# TASK BRIEF
Leave the pictures out and print, word for word, the lines below from the one with "this 840×471 image." through the final line.

Collected data:
+ + +

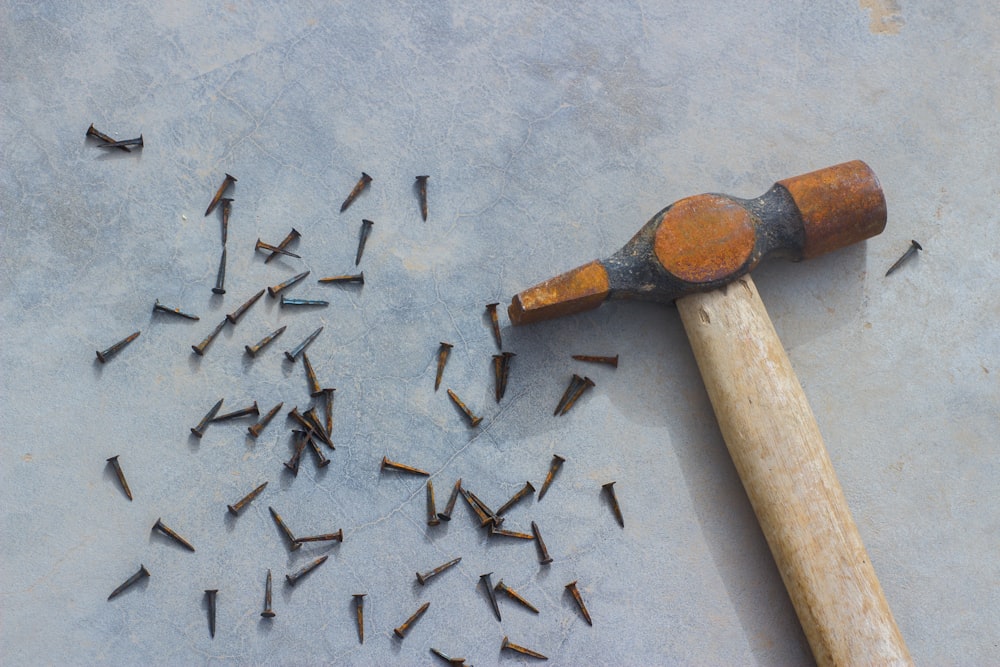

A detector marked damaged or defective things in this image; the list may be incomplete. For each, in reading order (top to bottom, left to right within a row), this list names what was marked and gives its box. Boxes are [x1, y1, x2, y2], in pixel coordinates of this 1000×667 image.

rusty hammer head [508, 163, 884, 328]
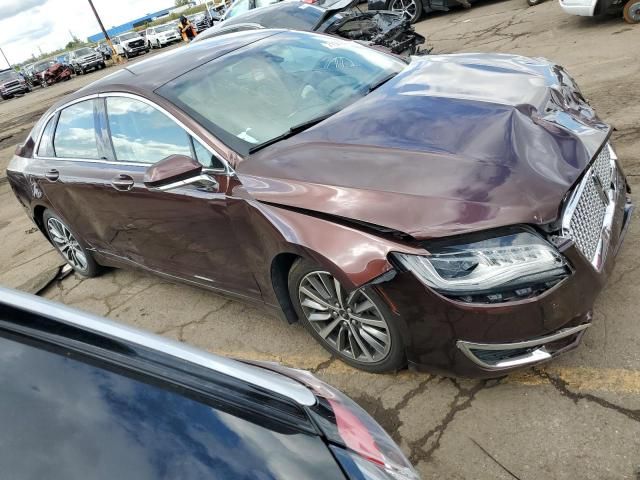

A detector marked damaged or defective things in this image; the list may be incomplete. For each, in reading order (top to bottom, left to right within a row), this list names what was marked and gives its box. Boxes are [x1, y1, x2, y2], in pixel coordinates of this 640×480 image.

wrecked car [195, 0, 424, 55]
damaged front end [324, 8, 424, 55]
crumpled hood [240, 54, 608, 240]
wrecked car [7, 31, 632, 378]
shattered headlight lens [392, 231, 568, 302]
pavement crack [536, 370, 640, 422]
pavement crack [470, 438, 520, 480]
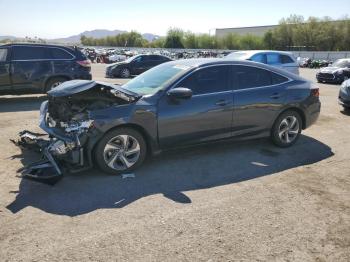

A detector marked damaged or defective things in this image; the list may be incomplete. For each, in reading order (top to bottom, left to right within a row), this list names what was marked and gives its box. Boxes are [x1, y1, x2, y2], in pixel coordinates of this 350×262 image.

crumpled front end [12, 80, 138, 184]
damaged gray sedan [13, 59, 320, 182]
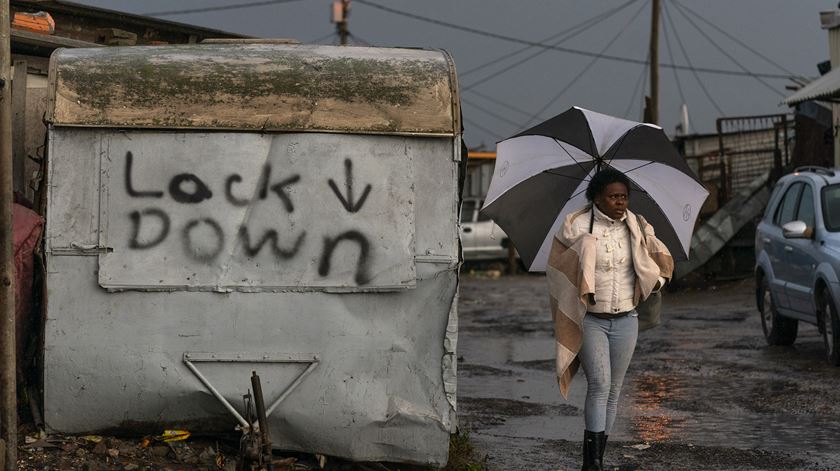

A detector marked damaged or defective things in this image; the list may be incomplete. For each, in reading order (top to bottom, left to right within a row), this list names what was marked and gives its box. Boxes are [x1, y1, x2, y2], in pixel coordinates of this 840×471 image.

old rusted caravan [43, 43, 462, 464]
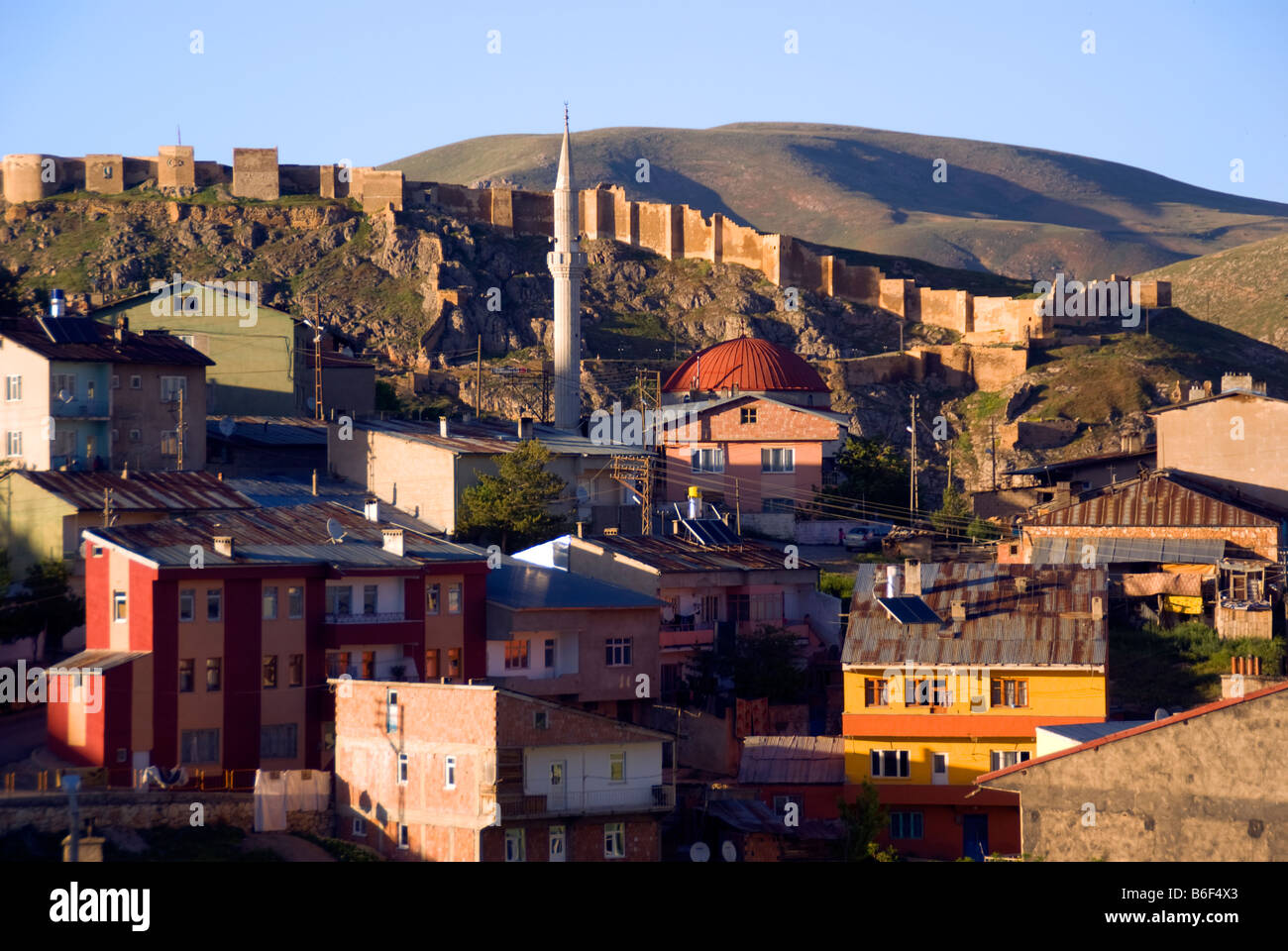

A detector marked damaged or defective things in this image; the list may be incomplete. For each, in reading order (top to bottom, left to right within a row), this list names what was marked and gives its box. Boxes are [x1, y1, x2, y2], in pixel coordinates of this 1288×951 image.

rusty metal roof [13, 469, 256, 510]
rusty metal roof [1024, 472, 1277, 530]
rusty metal roof [844, 562, 1108, 665]
rusty metal roof [736, 731, 844, 783]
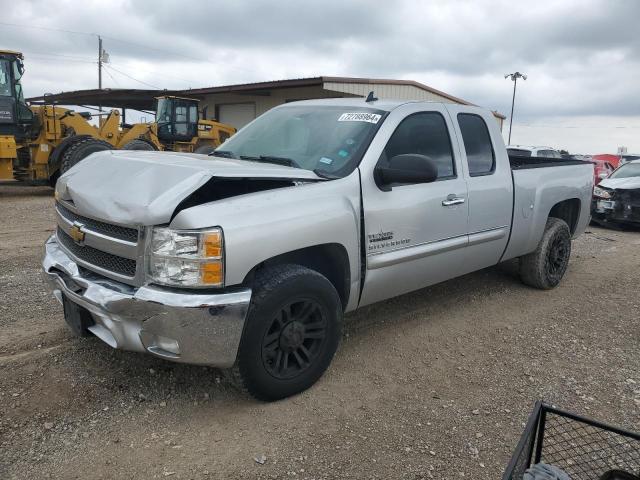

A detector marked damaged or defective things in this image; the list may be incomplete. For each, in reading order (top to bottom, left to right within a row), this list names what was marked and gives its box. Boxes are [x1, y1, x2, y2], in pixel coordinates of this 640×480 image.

crumpled hood [55, 150, 320, 225]
damaged front bumper [42, 235, 250, 368]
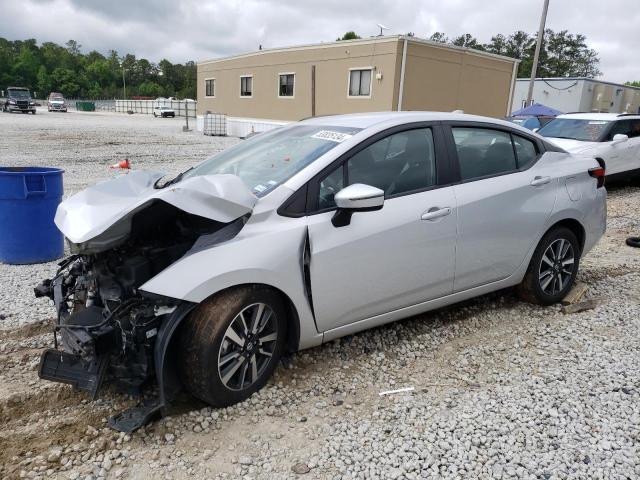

+ + +

# WRITTEN ANSWER
A detector marked damaged or defective things in this image; the list may be incomplete. For each, in reading order (top to bottom, left to right within a row), this list names what was marked and gives its box. Boxes are [x1, y1, x2, y2], in pixel coordinates of this 840×471 image.

old rusted caravan [43, 43, 462, 464]

A detector marked damaged or defective things in this image; the list may be incomplete. For each, in reading order (top to bottom, left to right within a row), this list names what was marked and gives its box. Boxes are [x1, y1, x2, y2], in pixel coordinates of this 1288×951 image.

rusty metal roof [13, 469, 256, 510]
rusty metal roof [1024, 472, 1277, 530]
rusty metal roof [844, 562, 1108, 665]
rusty metal roof [736, 731, 844, 783]

A detector marked damaged or defective things in this image; the list may be incomplete. For each, in reading order (top to bottom, left to right within a row), this list names what was marked and gives its box. Boxes are [x1, y1, x2, y2], in pixel coordinates of this 640×480 image.

crumpled hood [55, 150, 320, 225]
damaged front bumper [42, 235, 250, 368]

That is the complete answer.